Kanzler im Tunnel

Der Kanzler sprach von „bodenlosen Frechheiten“ der Opposition, Angela Merkel vom „Tunnelblick“ Schröders – und beide haben Recht

Reform, Reförmchen, Samenfädchen. Wie soll Schröder in diesem Klima eine große Rede halten?

aus Berlin JENS KÖNIG

Es ist schon bemerkenswert, dass die Politik, die ja eher als ein staubtrockenes Metier gilt, in diesen Wochen eine auffällige Neigung zu Körperflüssigkeiten hat. Vor allem die Substanzen Blut, Schweiß und Tränen haben es ihr angetan. Landauf und landab fordern Politiker der Regierung wie der Opposition, der Kanzler möge endlich eine Rede halten, in der er der Bevölkerung die bittere Wahrheit verkündet, dass es in Deutschland in den nächsten Jahren nicht um mehr Wohlstand, sondern um harte Einschnitte geht. Und da seit jener berühmten Rede, die der britische Premierminister Winston Churchill im Mai 1940 gehalten hat, die Begriffe Blut, Schweiß und Tränen als Synonym für entbehrungsreiche Zeiten gelten, fordern von Gerhard Schröder so viele, er solle doch auch endlich eine Blut-Schweiß-und-Tränen-Rede halten.

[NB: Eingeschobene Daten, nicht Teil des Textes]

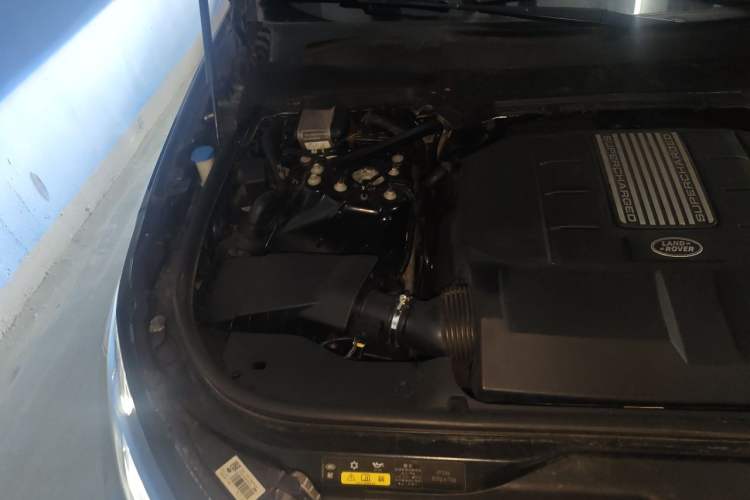 Used Land Rover Discovery 2017 3.0 SC V6 HSE Engine Bay Right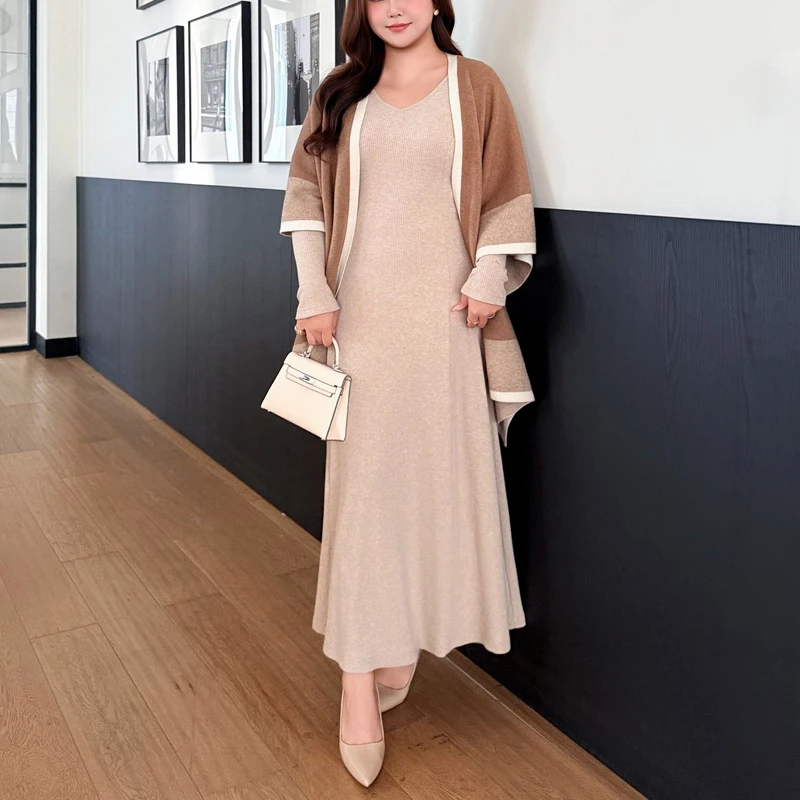 XXXXL Fashion Plus Size Women Dresses Premium Slim V-Neck Long Sleeved wide-hem Knitted Dress French Flared Sleeve 9327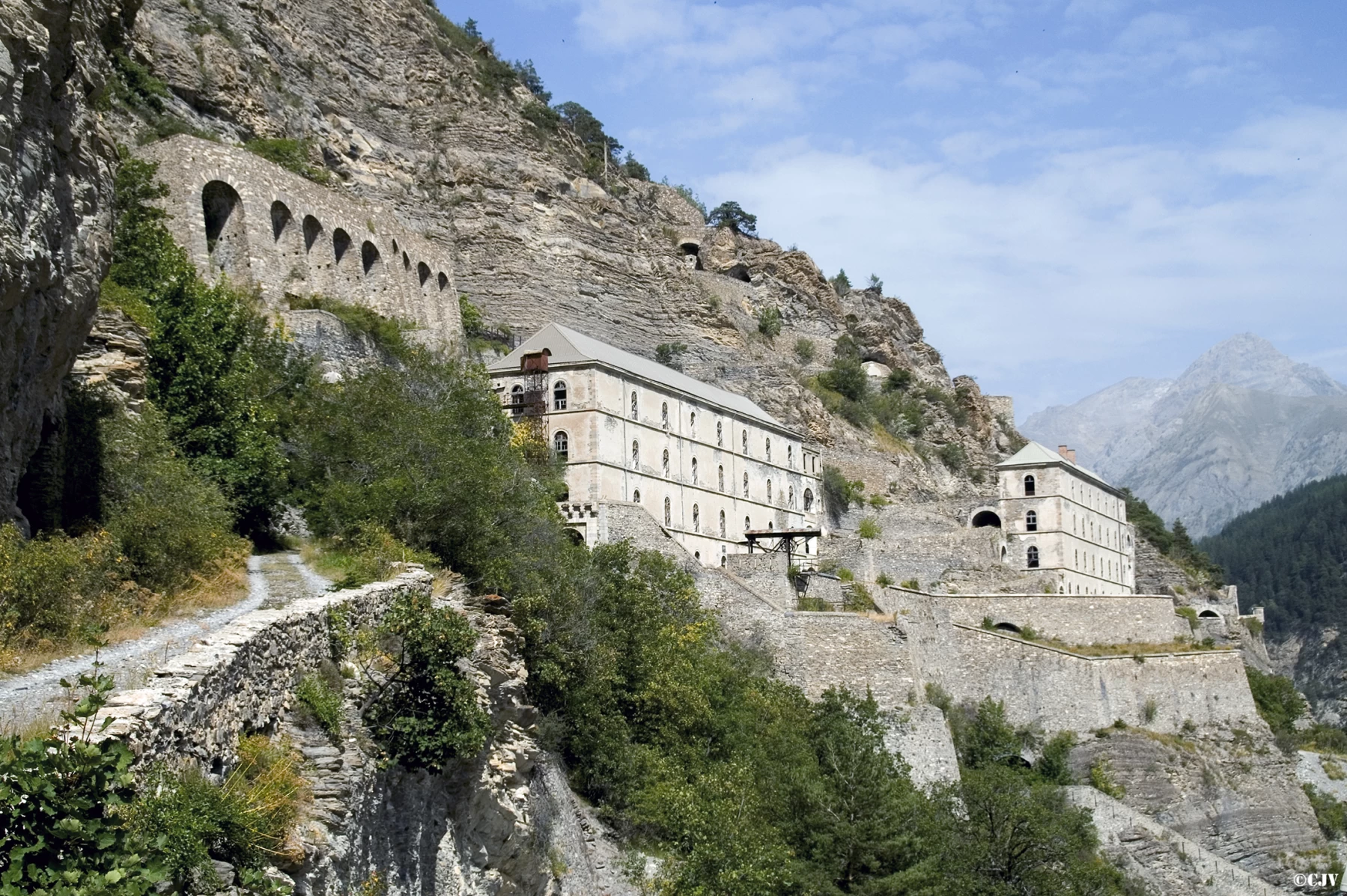 Ligne Maginot - TOURNOUX  (83° BAF - II/162° RAP) - (PC de Sous-Secteur) - Les casernements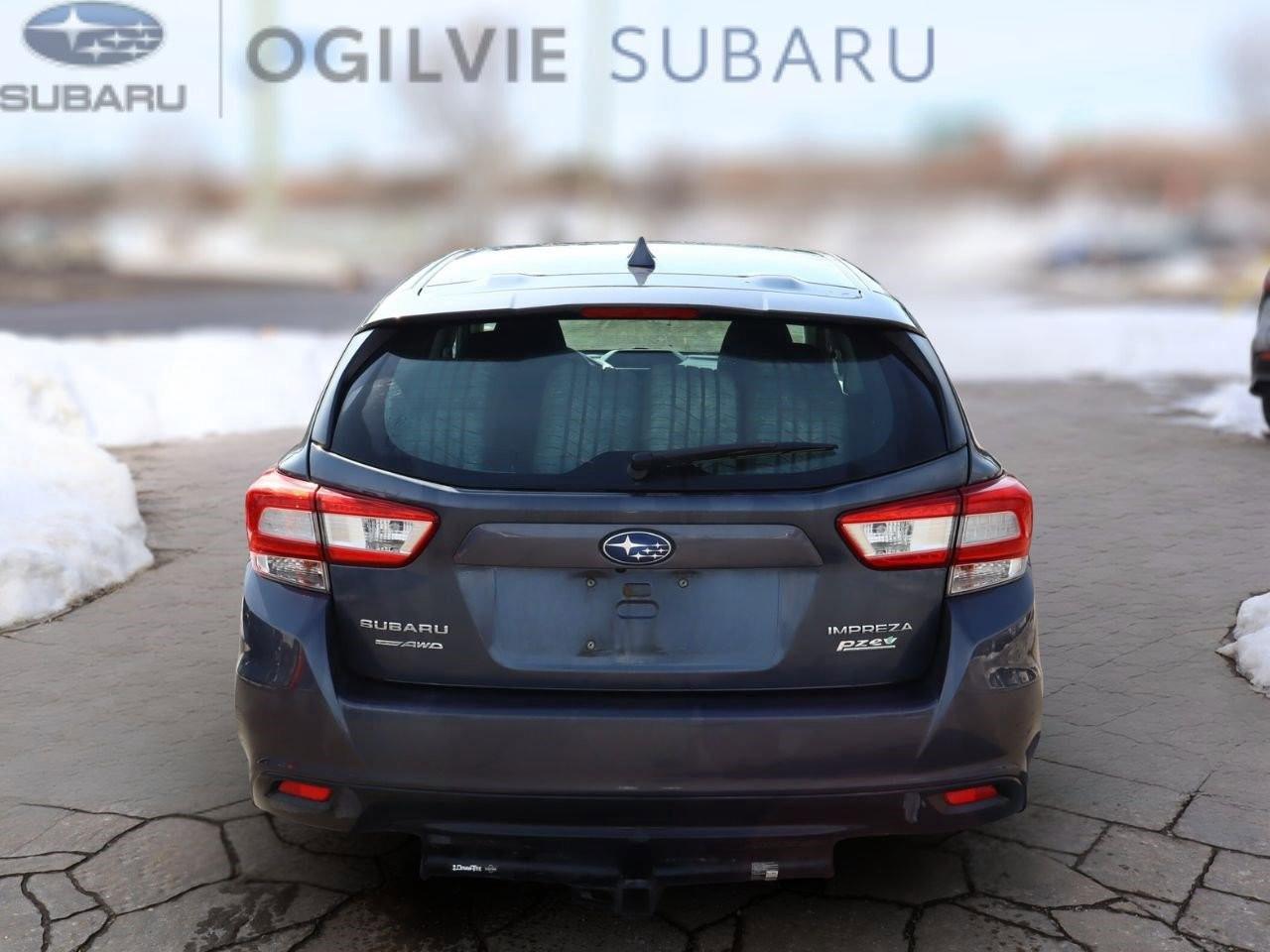 2017 Subaru Impreza Touring (CVT) 4dr Hatchback Photo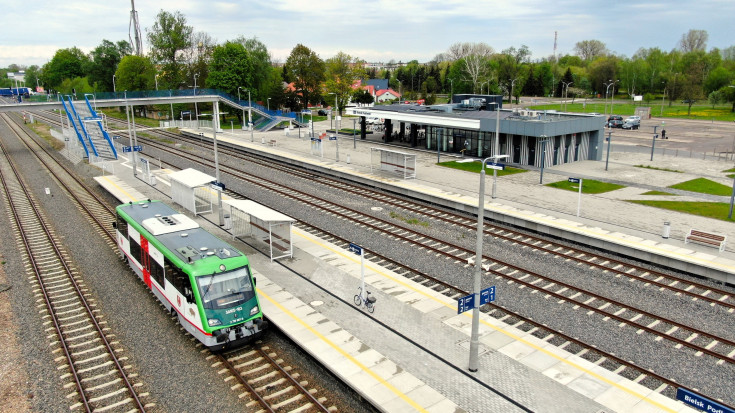 stacja, Bielsk Podlaski, nowa infrastruktura, nowy peron, pociąg osobowy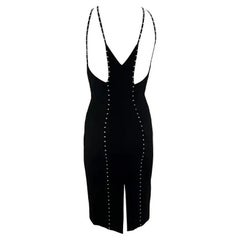 F/W 2004 Versace by Donatella Versace mini vestido negro con tachuelas y escote de pasarela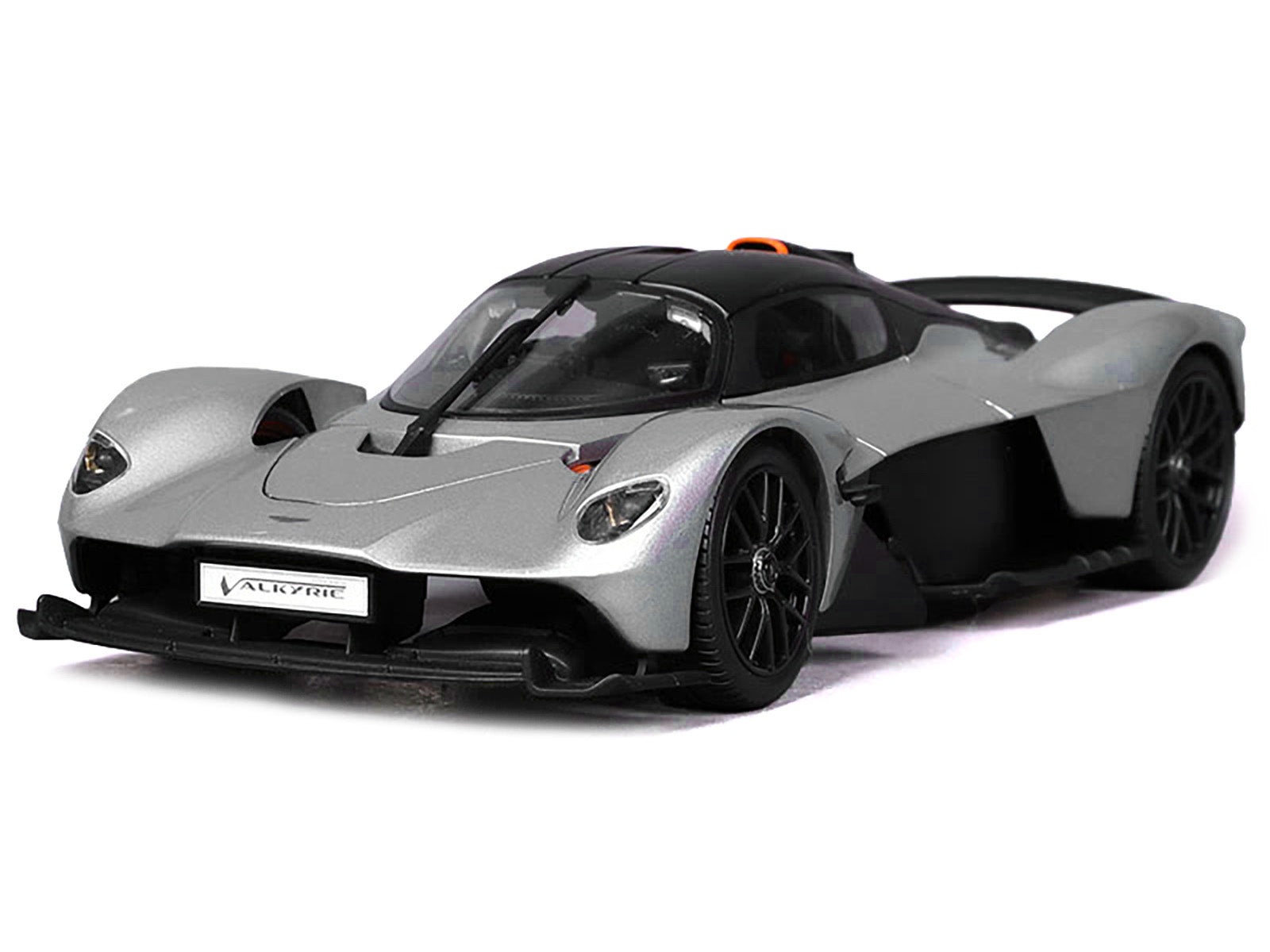 Aston Martin Valkyrie Silver Metallic with Matt Black Top "Special Edition" Series 1/18 Diecast Model Car by Maisto - image 2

Blut? Schweiß? Tränen? Natürlich ist das nichts anderes als moderner Krisenkitsch. Hinter diesem Gerede wird aber deutlich, wie groß die Sehnsucht in Deutschland nach klaren Worten des Regierungschefs offenbar ist. Bemerkenswert ist daran besonders, dass die Sehnsucht in der Partei dieses Regierungschefs, in der SPD, am größten ist. Sie vermisst in diesen Wochen des rot-grünen Durcheinanders am allermeisten klare Botschaften und eine straffe Führung.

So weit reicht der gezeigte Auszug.